A Case from the Portfolio: BRAC International
Strengthening BRAC International’s Monitoring, Evaluation and Learning (MEL) Systems: From a single diagnosis to organization-wide transformation
Type(s) of RFE services: MEL Diagnostic, Technical Assistance
Main partner(s): BRAC International
One sentence description: IPA's Right-Fit Evidence Unit (RFE) partnered with BRAC International to conduct a diagnosis of their Monitoring, Evaluation, and Learning (MEL) practices. What began as a single diagnosis of a large agricultural program in Liberia evolved into an organization-wide effort to enhance continuous improvement in program design and implementation.

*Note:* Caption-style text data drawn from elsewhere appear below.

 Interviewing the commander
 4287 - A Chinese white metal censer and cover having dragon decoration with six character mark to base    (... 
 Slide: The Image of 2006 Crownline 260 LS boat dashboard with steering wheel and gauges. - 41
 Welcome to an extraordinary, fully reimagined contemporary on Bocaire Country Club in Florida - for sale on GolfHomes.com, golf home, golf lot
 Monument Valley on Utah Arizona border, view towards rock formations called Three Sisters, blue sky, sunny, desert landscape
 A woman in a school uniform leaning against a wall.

BRAC is often considered the world’s largest nongovernmental organization. Its international branch, BRAC International, operates across 10 countries and dozens of projects in education, health, poverty alleviation, and humanitarian assistance. The organization is widely recognized as a pioneer in the development of evidence-based programs. For example, the well-known Ultra-Poor Graduation (UPG) approach and Empowerment and Livelihood for Adolescent (ELA) program originated at BRAC and were the product of deliberate efforts which put iterative use of evidence at the core of the program development. However, like many large and diverse organizations with a culture of evidence use, BRAC faces the challenge of ensuring that data is collected credibly and used effectively across the board, not only for accountability purposes but also to inform actual learning. Accordingly, BRAC International had the goal of strengthening its monitoring and evaluation mechanisms to ensure it enables improvement, both on program design and program implementation.

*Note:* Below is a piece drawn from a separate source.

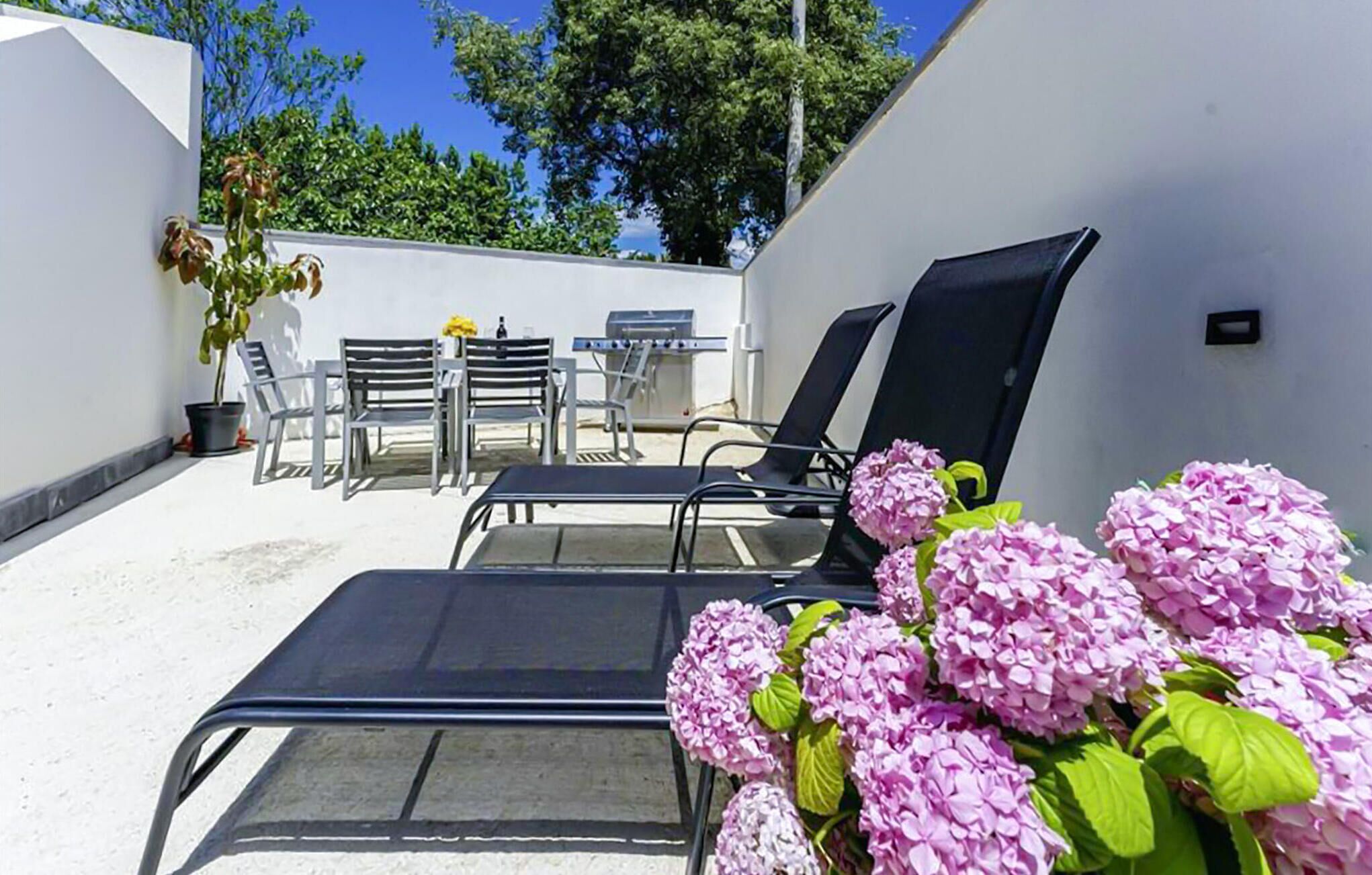 Eine Terrasse mit Lounge-Möbeln, einem Tisch und einem Grill.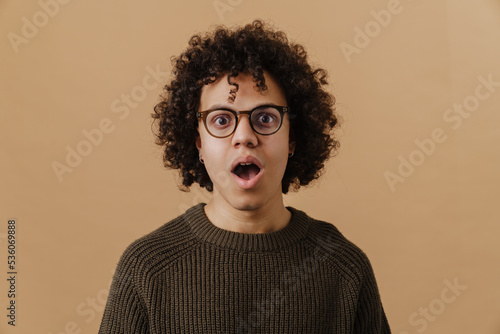 Young handsome curly shocked boy in glasses and sweater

BRAC International reached out to IPA’s Right-Fit Evidence (RFE) Unit to conduct an in-depth assessment of its existing monitoring and evaluation on a large agriculture project in Liberia. The assessment involved reviewing MEL guidelines and procedures, and analyzing how data was collected and if and how it was used. This participatory diagnostic produced a list of “quick-win” improvements that the project and MEL teams in Liberia could quickly implement to strengthen the quality and use of data. Examples of these improvements included survey instrument modifications, specific quality control mechanisms, and the strengthening of routines around data use.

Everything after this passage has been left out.